Activity: Without any pictures, retype exactly the lines from the one with "Kürsüde konuşan bir" through the final line of the records.

Provided data:

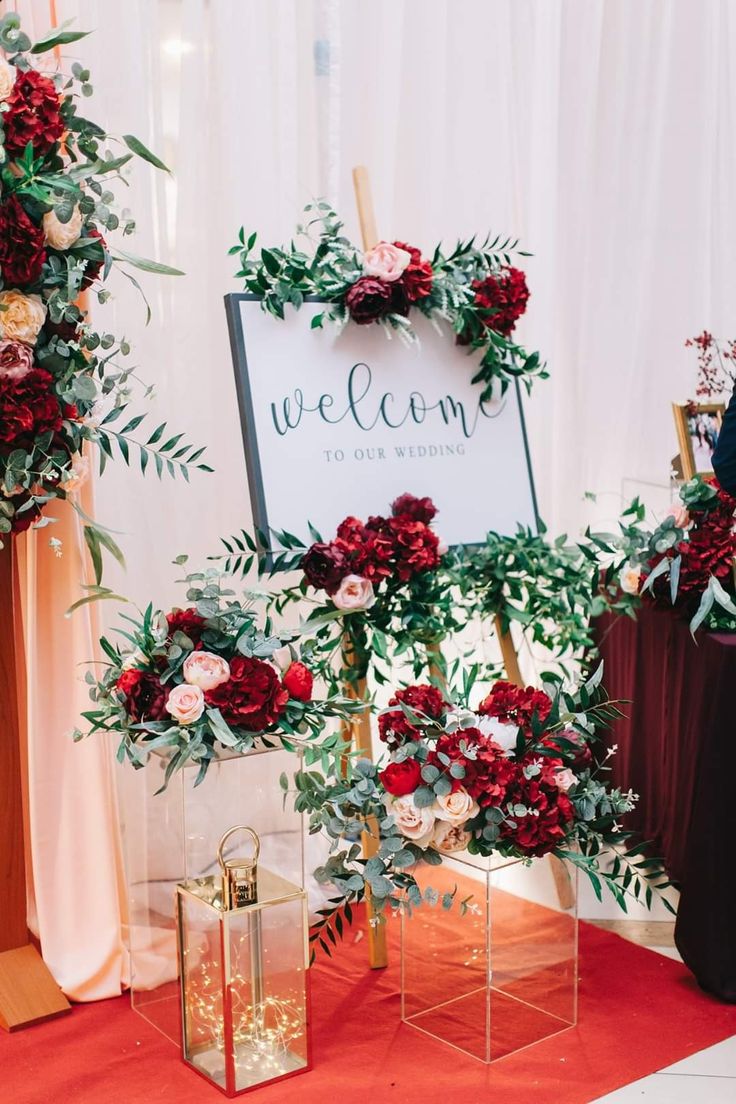 red flowers and greenery on display in front of a welcome sign at a wedding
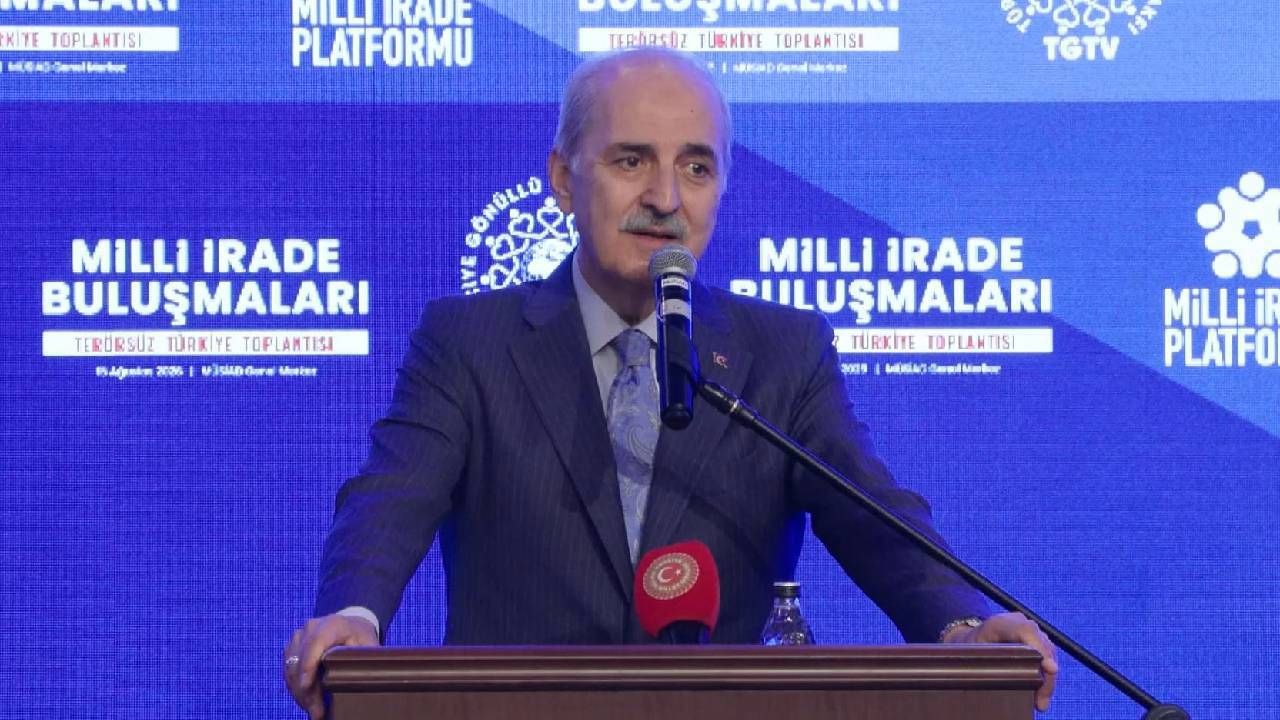 Kürsüde konuşan bir kişi, “Milli İrade Buluşmaları” yazılı mavi fonda mikrofon önünde duruyor.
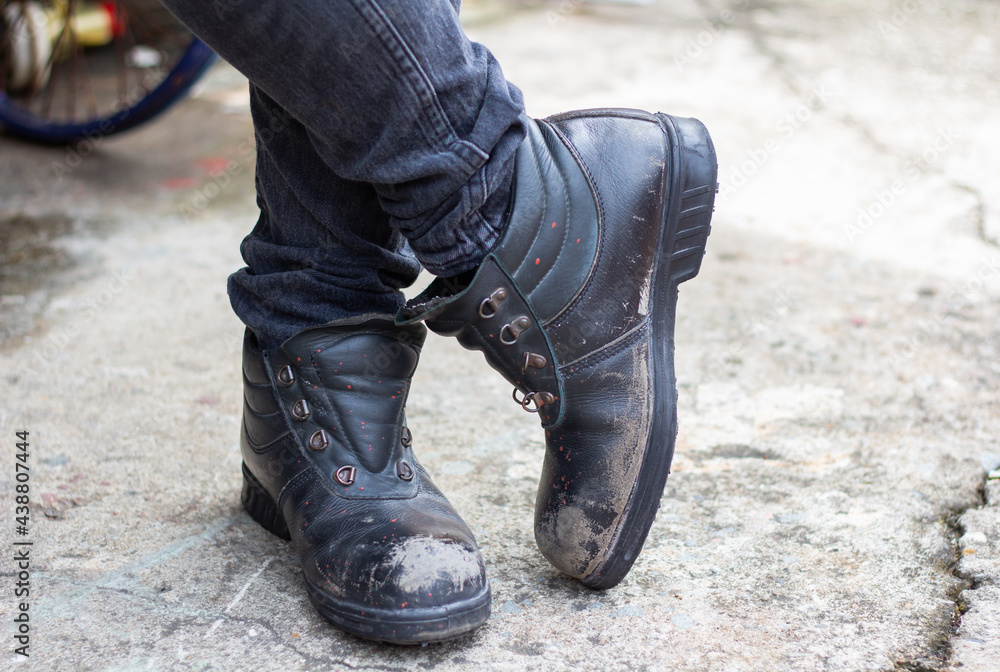 Wear safety shoes to ensure safety at work. construction workers wear safety shoes Stock Photo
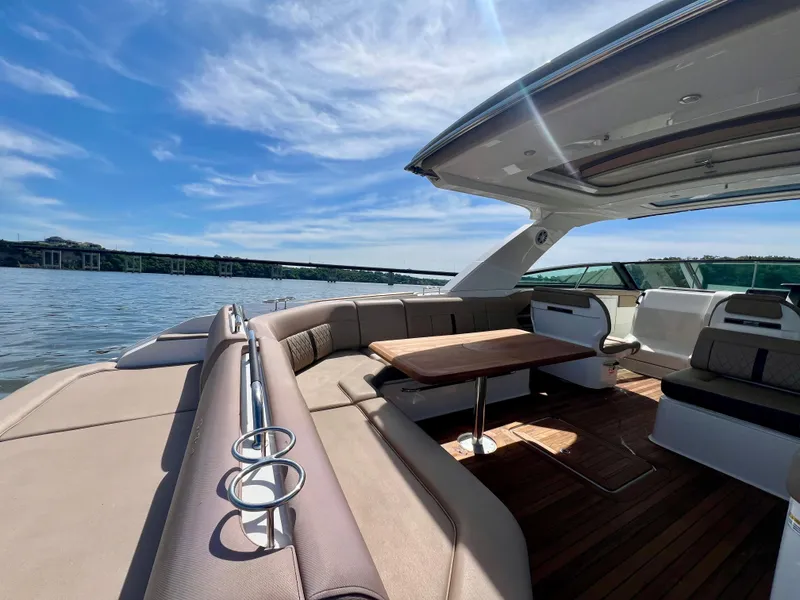 Slide: The Image of 2019 Sea Ray SLX 400 boat with spacious seating and table on a sunny day. - 18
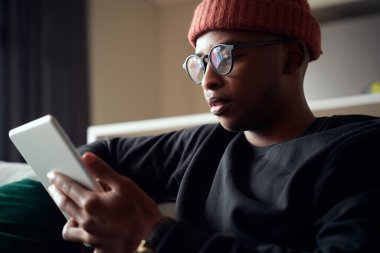 Yetişkin siyah erkek tablete bakarken konsantre oluyor. Kanepede modern daire.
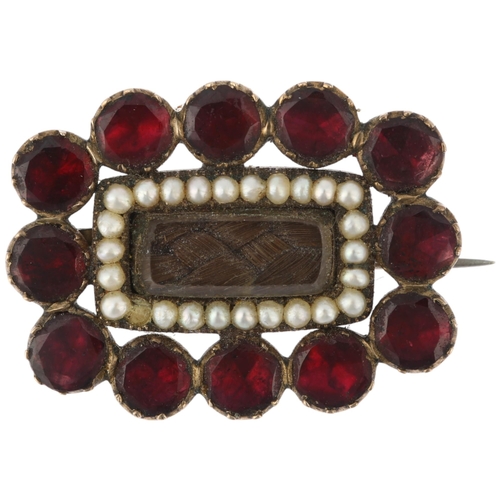 1303 - A Georgian flat-top garnet pearl and hairwork mourning brooch, circa 1820, central woven hair panel ... 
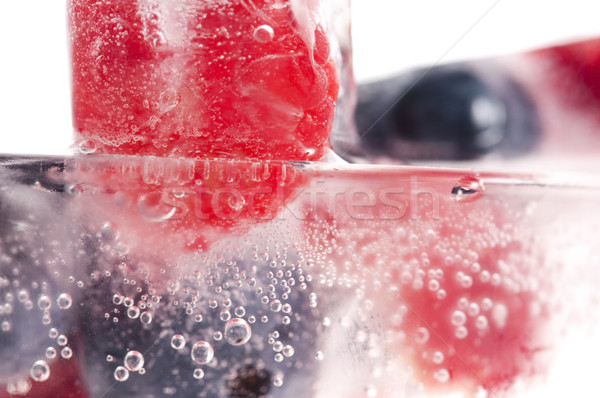 Raspberry and blackberry frozen in ice sticks Stock photo © joannawnuk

Output of the task:
 Kürsüde konuşan bir kişi, “Milli İrade Buluşmaları” yazılı mavi fonda mikrofon önünde duruyor.
 Wear safety shoes to ensure safety at work. construction workers wear safety shoes Stock Photo
 Slide: The Image of 2019 Sea Ray SLX 400 boat with spacious seating and table on a sunny day. - 18
 Yetişkin siyah erkek tablete bakarken konsantre oluyor. Kanepede modern daire.
 1303 - A Georgian flat-top garnet pearl and hairwork mourning brooch, circa 1820, central woven hair panel ... 
 Raspberry and blackberry frozen in ice sticks Stock photo © joannawnuk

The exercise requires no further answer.